当然、やる気に満ちあふれたスバラシイ20代の若手社員も多いに違いないが、20代の生態はますますナゾに包まれていると言っていいだろう。
そこでこの連載では、東洋経済の次世代を担う20代記者が集結し、イマドキの20代に関係するトピックを、いろいろな角度から取り上げてみようと思う。先輩方が20代を知るキッカケと、20代の気持ちを代弁していきたい。先輩、20代のこと、どう思いますか?
笑顔の絶えない人が嫌い、いつも前向きに生きている人が嫌い、自分の仕事に「誇り」を持っている人が嫌い。普通の日本人が無意識に無視している世の中の違和感と徹底的に対峙し、“戦う哲学者”の異名をとる中島義道氏。折り紙付きの人間嫌いでもある。
中島氏の哲学の根底にあるのは、「どうせ死んでしまう」というぞっとする理不尽だ。生きていくためには働かなくてはならないが、就活戦線や若手ビジネスパーソンが働く企業で求められるのは、「明るく、コミュニケーション能力が高い人」ばかり。「無用な人付き合いは避けたい」「無理に周りに合わせるのはもう嫌だ」という20代はどこに行けばいいのか。「どうせ死んでしまう」のに、どうして嫌な思いをしてまで働かなければならないのか。中島氏に聞いた。
――日本の会社についてどう思いますか。
私はアルバイト以外に一般企業で働いたことは1回もありませんが、すごくわがままなので、どこの企業でも勤まらないでしょう。私が日本社会で特に嫌いなのは、会社というものが家族のように丸抱え式になっていることです。私は大部屋で働くだけで嫌ですよ。教授は研究室が与えられているので、ずっと鍵を閉めて、そこで寝転がっていることもできた。ノックされたって、開けないかぎり、いないことになっているのでよかった。
会社を全部個室にしてしまえば?
プレハブでいいから会社を全部個室にして、ごくたまにほかの社員と一緒であるようにしたら、かなりの人が就職すると思います。いつも後ろ向きな暗い人だけでできている実験会社を作ってみるのも面白いですね。社員食堂も何もなくて、行事やレクリエーションも行きたい人だけ行けばよくて、ほかの社員が来ているかどうかもよくわからないような(笑)。

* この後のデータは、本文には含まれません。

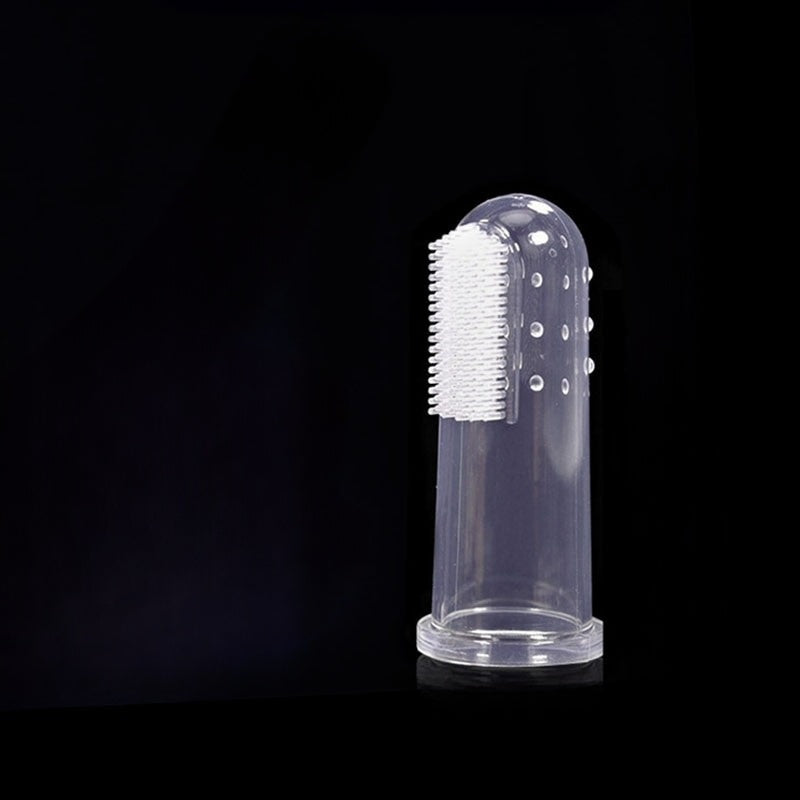 Pet Silicone Finger Cots Toothbrush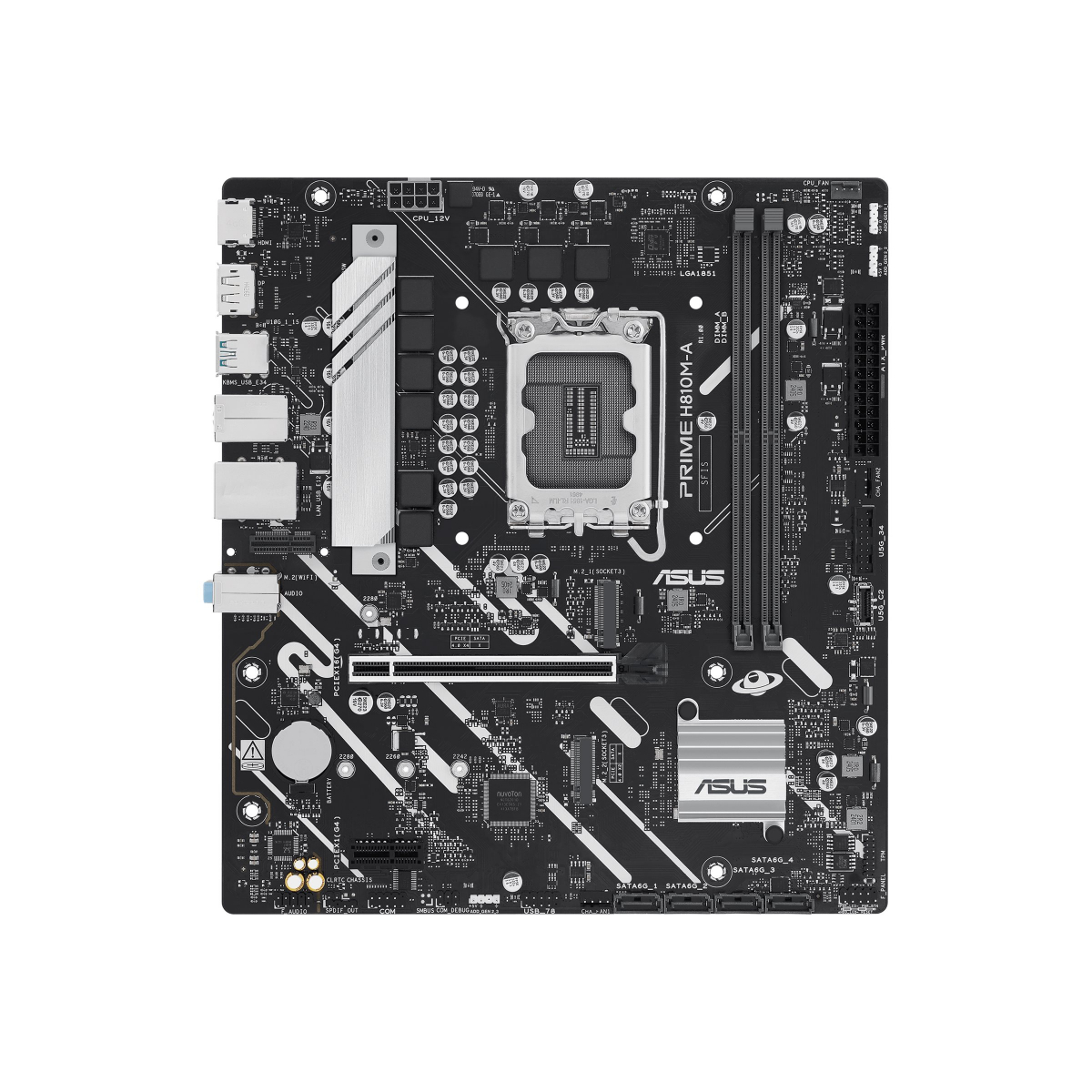 Asus Prime H810M-A-CSM Mainboard schwarz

――家に閉じこもって、1人でできる仕事を目指すのはどうでしょうか。
作家のような1人でやる仕事を多くの人が望むのですが、難しいですよね。今、芥川賞を目指す人が10万人以上と言われています。みんな尊敬されるタイトルが欲しいんです。東大を出ても金持ちにはなれないことは知っているけれども、「この人は東大を出た」という「知的なもの」としての評価を求めているんです。ここに哲学をしに来る人のひとつの理由は、「私はヘーゲルやカントを読みます」と言うと、なんとなく人を見下せるから。そういう人の多くは、すぐ辞めてしまうのですが。
――多くの日本人は、毎日好きでもないものを売ったり、何のためにやっているのかわからない仕事をしなくてはなりません。仕事で満足感を得るには、どうしたらよいのでしょうか。
他人から尊敬されるとしても「人間としてはすばらしいけれども、仕事はまったくできない」というのではダメで、生活の糧を得ている仕事を通じて他人に尊敬されなければならない。しかも、その仕事が生きがいのあるものであるか、あるいは自分のとても好きなことをするかでないと、満足できない。
誰でもできることをしておカネをもらっても、そんなに満足感を覚えません。コンビニの店員を一生やるのは大変でしょ。組織で、何々会社の何々課長であるということを除いたら何もなくなっちゃう人や、誰ともすぐに交換できてしまう仕事はつまんない。「哲学塾 カント」は幸か不幸かほかのものとは交換できないから、ほかの人がここをやってもダメですよ(笑)。
私は若いときから、「自分だから」読んでくれる、「自分だから」評価されるという者にあこがれていました。三島由紀夫が書いたカフカ論だから読む、このニーチェ学者の書いたのならいい、この演奏家の演奏だから聴く、というように。昔は学者になろうと思っていたけど、どんな優れた学者でも何百人のカント研究者の1人では面白くないと考えるようになりました。
――「好きなことをする」のほうですが、好きなことが見つからない場合はどうしたらいいのでしょうか。
それは“好きなこと”を絞っているからですよ。人に尊敬されることとか、親が納得することとか。そんなこと言ったらできるわけないじゃないですか。本当にのんべんだらりと生きたかったら、それに邁進すればいいんじゃないですか?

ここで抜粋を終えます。